Conférence de Jean-Pierre Bourguignon et Cédric Villani. Cédric avait pris en exemple la célèbre citation du comte de Lautréamont dans son exposé du matin : « Beau comme la rencontre fortuite sur une table de dissection d’une machine à coudre et d’un parapluie ». Nous lui demandions donc à quelle rencontre absurde il comparerait
les mathématiques. La réponse fut assez drôle : « une bulle de savon symbolisant les géomètres et les algébristes (à cause de la forme pure) et contenant le dés des probabilistes venant s’exploser sur le scalpel des analystes ».  
Les questions de nos collègues coréens tournent principalement autour de la vulgarisation des mathématiques. On notera que Jean-Pierre et Cédric partagent sensiblement la même vision du sujet et que leurs propos se complètent mieux que des suites de Cauchy. Si je devais résumer brièvement leur discours je le ferais comme suit :
L’effort de vulgarisation que la communauté mathématique a entrepris doit être poursuivi car il est intéressant, à la fois pour les chercheurs et pour le public. En effet, pour réussir à vulgariser une science qui n’est pas naturelle pour l’homme, le chercheur doit trouver des images qui peuvent parler au plus grand nombre. Il doit se placer dans la perspective historique de son domaine. Ainsi, le chercheur aboutit nécessairement à une meilleure compréhension de sa science. La vulgarisation lui offre aussi le moyen d’expliquer sa raison d’être et le fait qu’il soit payé par la communauté en montrant au grand public que les mathématiques ne sont pas une science morte comme ce dernier le croit trop souvent. C’est pour cette raison que Jean-Pierre et Cédric profitent de chaque occasion qu’il leur est donnée pour montrer le côté « humain » de la recherche mathématique. On citera en exemple le livre « Les déchiffreurs, Voyage en mathématiques » et l’exposition « Mathématiques, un dépaysement soudain » à la fondation Cartier pour l’art contemporain. Cédric ajoute  que les différents types de médias utilisés ont un effet différent : la télévision a de loin l’impact le plus important mais au détriment du contenu du message, les téléspectateurs retenant bien plus aisément les attitudes et les gestes. Le message sera bien mieux retenu et assimilé à la radio.
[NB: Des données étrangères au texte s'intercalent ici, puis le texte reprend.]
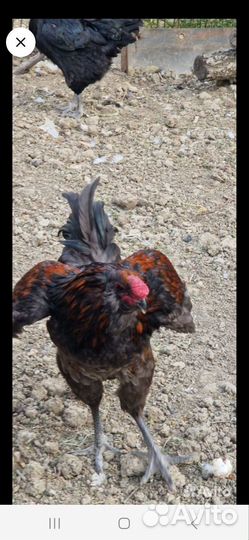 Гергебильские куры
Il y a eu d’autres questions à propos de l’enseignement des mathématiques. Les points importants soulevés étaient les suivants :

• Les mathématiques ne sont pas un processus naturel mais une méthode efficace pour résoudre des problèmes.

• Chacun a sa propre approche des mathématiques et c’est pour cette raison que l’enseignement des mathématiques est particulièrement difficile.

• Les mathématiques sont compliquées (contrairement à ce que l’on voudrait parfois nous faire croire) et l’assimilation des concepts nécessitent une participation active de l’élève ((Qui ne doit donc pas être paralysé par la peur de l’erreur.)).


• L’étude des mathématiques est assimilable à la construction d’un mur de briques. S’il vous manque une brique, le mur ne peut se construire correctement. Il n’y a donc rien de pire que les mauvais professeurs de mathématiques.

• L’enseignement devrait se concentrer sur la compréhension des mathématiques et non pas sur l’habilité à faire le plus d’exercices possible en le moins de temps possible. Bien sûr cette approche demande bien plus d’effort aux professeurs.